▶ _WORK ITEM_: Take the line that contains "Colgante de plata con ámbar" and each one after it through the last line below, and retype them exactly. Leave out the pictures.

*** Opening of DATASET RECORDS ***

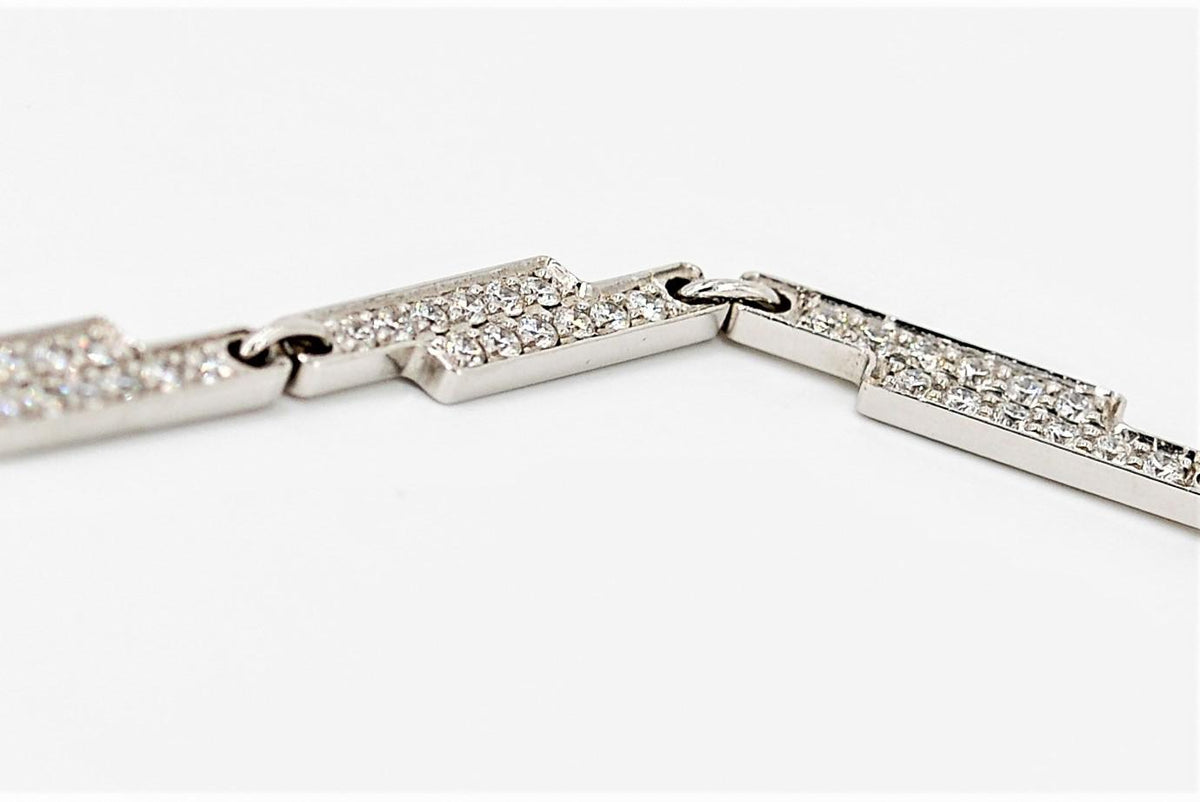 DINH VAN “Seventies” bracelet, in white gold set with diamonds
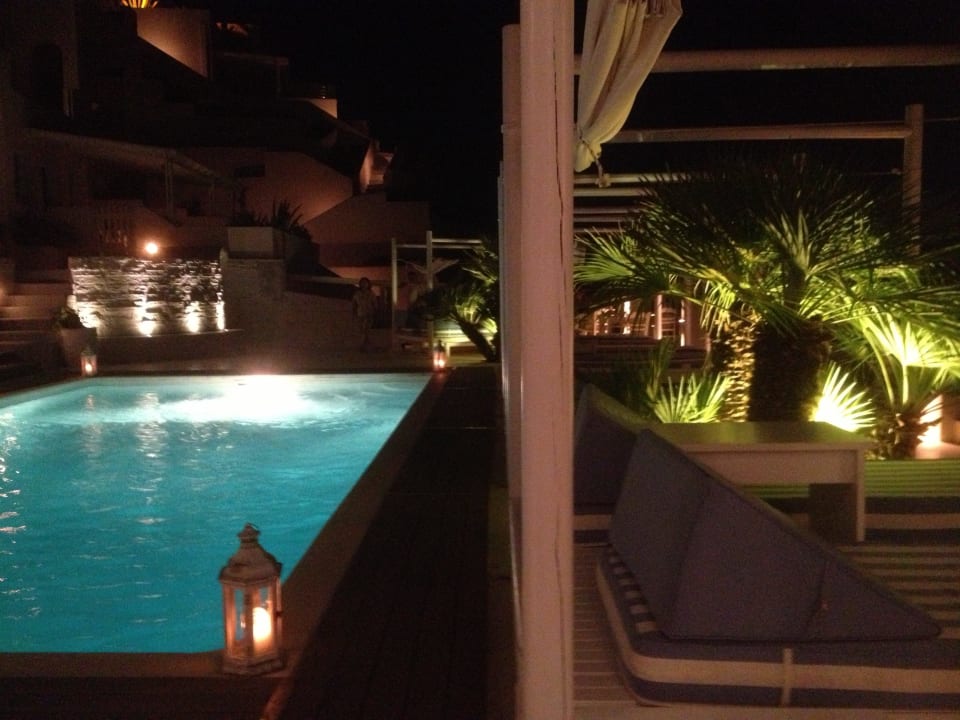 Hauptpool bei Nacht Andromeda Villas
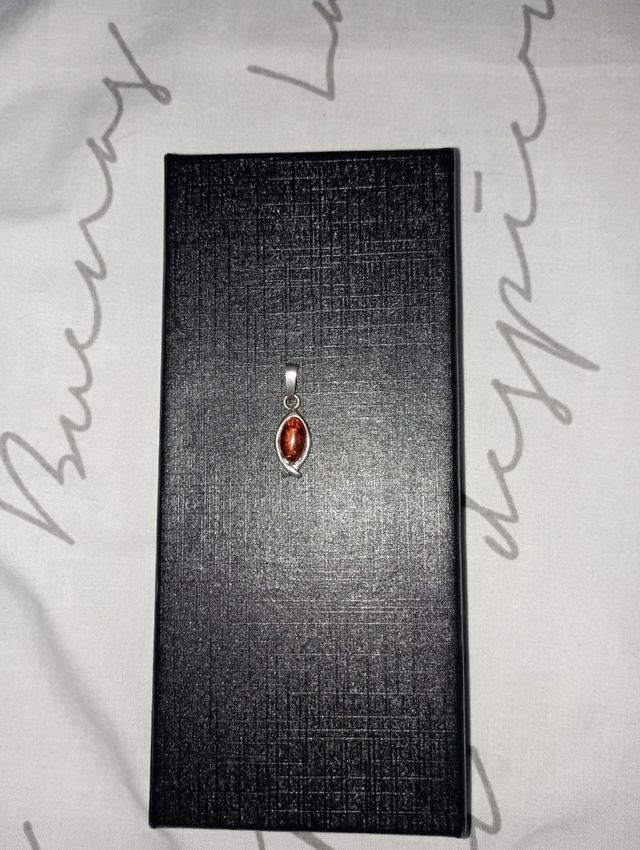 Colgante de plata con ámbar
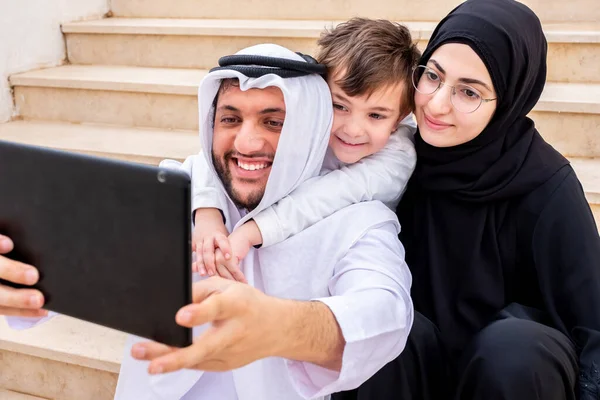 快乐的阿拉伯穆斯林家庭用视频给他们的家人打电话 — 图库照片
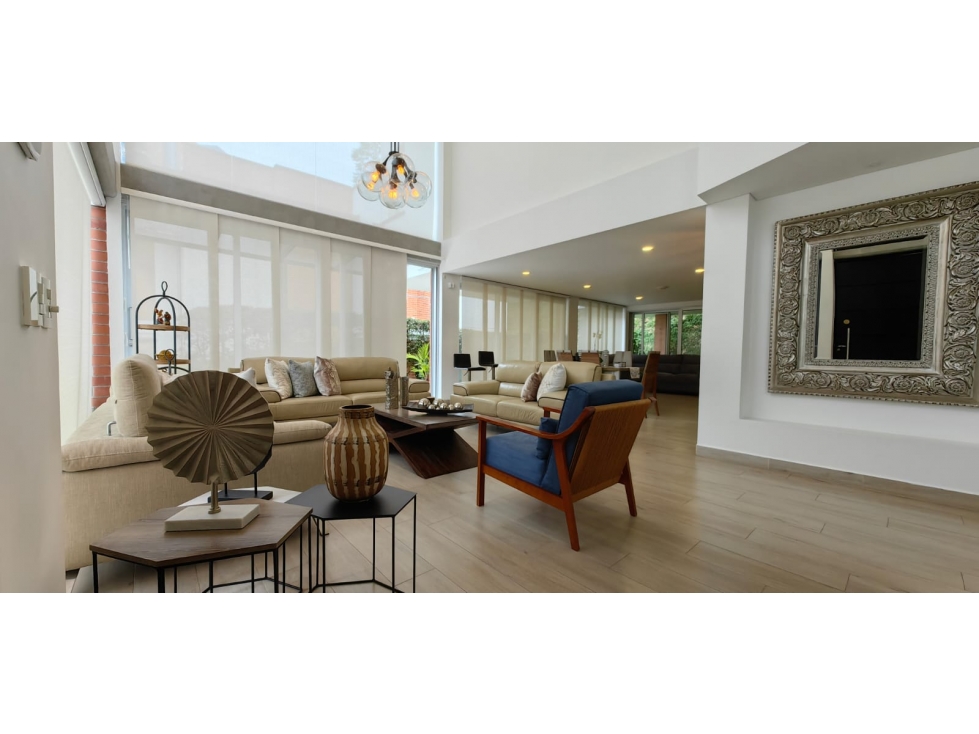 VENTA EXCLUSIVA CASA DE LUJO SABANETA — foto 3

*** Close of DATASET RECORDS ***

▶ _RESPONSE TO THE TASK_:
 Colgante de plata con ámbar
 快乐的阿拉伯穆斯林家庭用视频给他们的家人打电话 — 图库照片
 VENTA EXCLUSIVA CASA DE LUJO SABANETA — foto 3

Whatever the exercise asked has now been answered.